January – having a baby
Dude. Thirteen days into 2012, I had a baby! Wow, what an experience. Becoming a mother has been everything I thought it would be and so much more. And when I say “so much more,” I mean the highs are higher than I thought they would be, and the lows have been (unfortunately) lower and much more difficult to deal with than I thought they would be. How much being a person of God, and of others, motherhood has taught me already. It’s been almost a year since I first met Baby I and I’m still reeling.

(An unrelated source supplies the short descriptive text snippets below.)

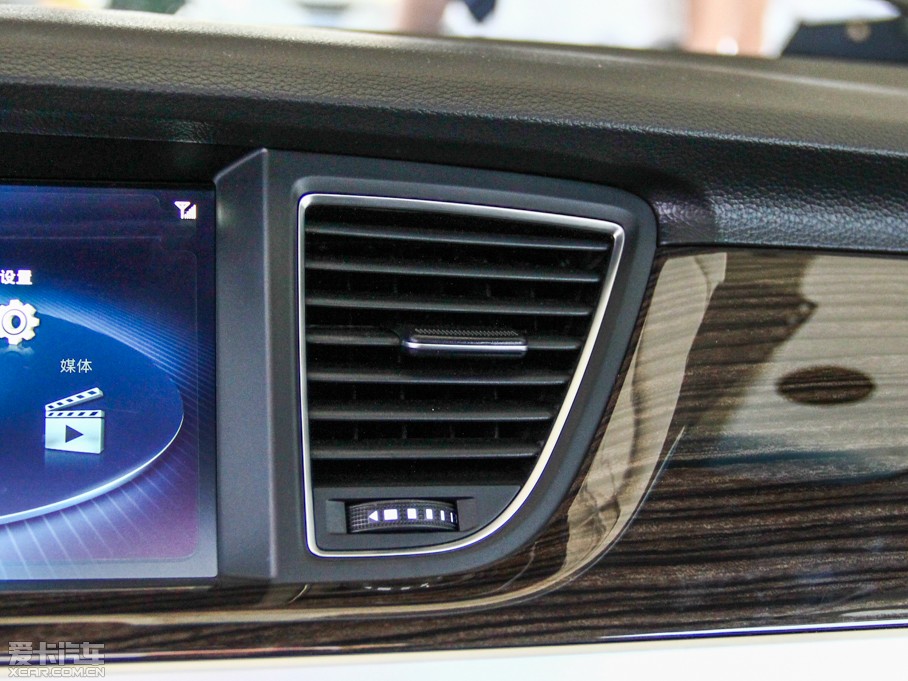 2015ݶ˹ 3.0GDi AWD A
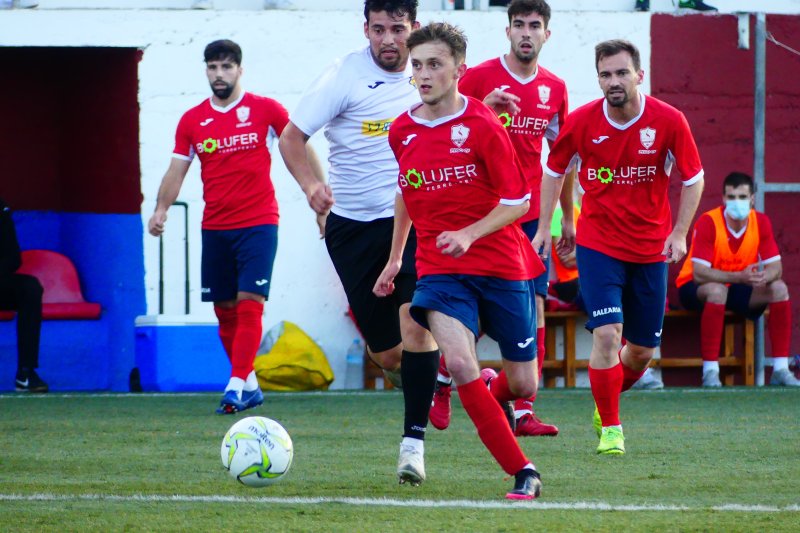 Regional Preferente: Un Pego con mucha casta y poco acierto salva el primer match ball por la permanencia ante el Pedreguer (2-0) Regional Preferente: Un Pego con mucha casta y poco acierto salva el primer match ball por la permanencia ante el Pedreguer (2-0)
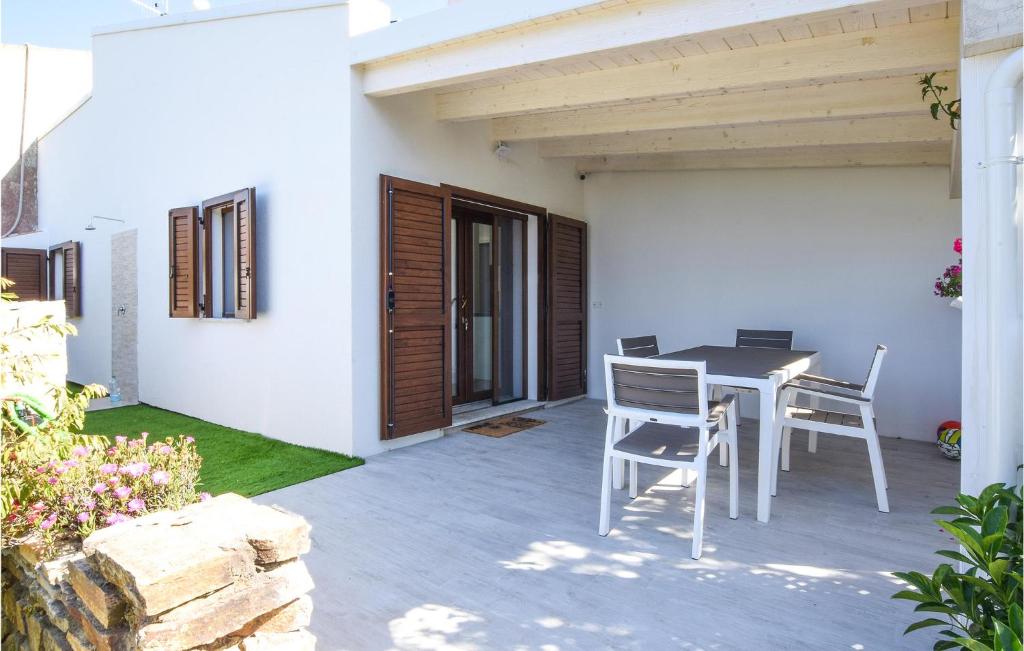 Beautiful Home In Budoni With 1 Bedrooms And Wifi photo 2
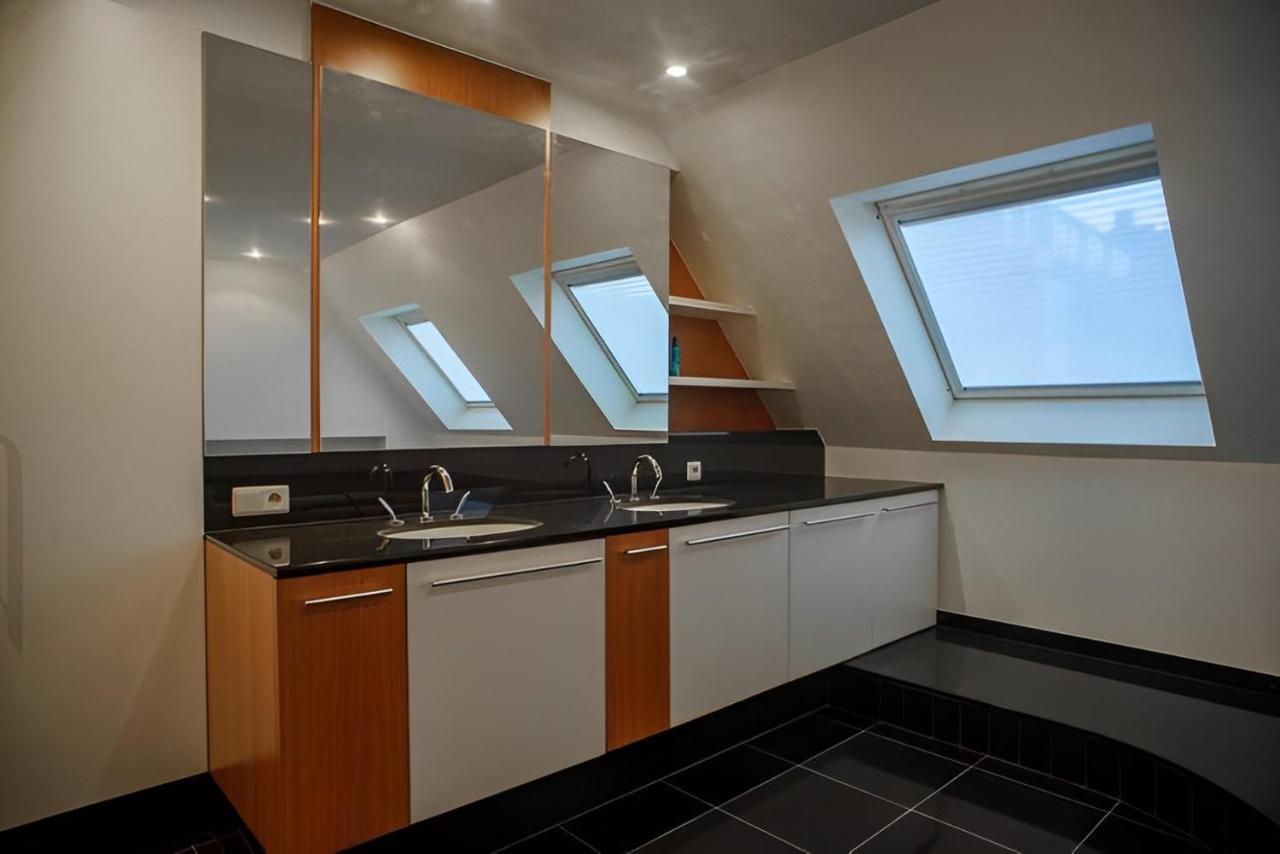 Big And Comfortable Triplex In Knokke Εξωτερικό φωτογραφία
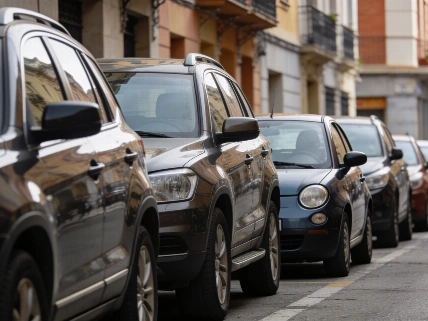 Spanish cities gain power to raise street parking fees for large cars RUSSPAIN.com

February – began wrestling with work decisions
Until my maternity leave, working had always just been a given. Of course I knew enough about having a baby before she arrived that I knew I would be sad to leave her once my leave ended. But I never expected to be reevaluating my choices like I did over Winter 2012. It’s not that I particularly enjoyed maternity leave; in fact, I loved taking care of my baby, but I found it tedious in the most difficult way. Deep down, I knew staying at home full time wouldn’t be for me, but I did contemplate part-time employment. Obviously, in the end, that wasn’t for me, either. And to be truthful, this evaluation was fantastic for me. Knowing why I work has given me a new appreciation for it.
May – started this blog
Starting this blog definitely makes the list, because I think I’m accomplishing something important to me here. In my first post, I expressed frustration in not being able to write much anymore. Now, I’m writing regularly. Even though I’m still a bit derailed from my first love (fiction), any writer will tell you that writing is like a muscle. You have to exercise it. So, maybe my end goal is to run a marathon, but I can’t train for distances just now. I’m still staying in shape with sprints, and that’s so much better than just letting myself go.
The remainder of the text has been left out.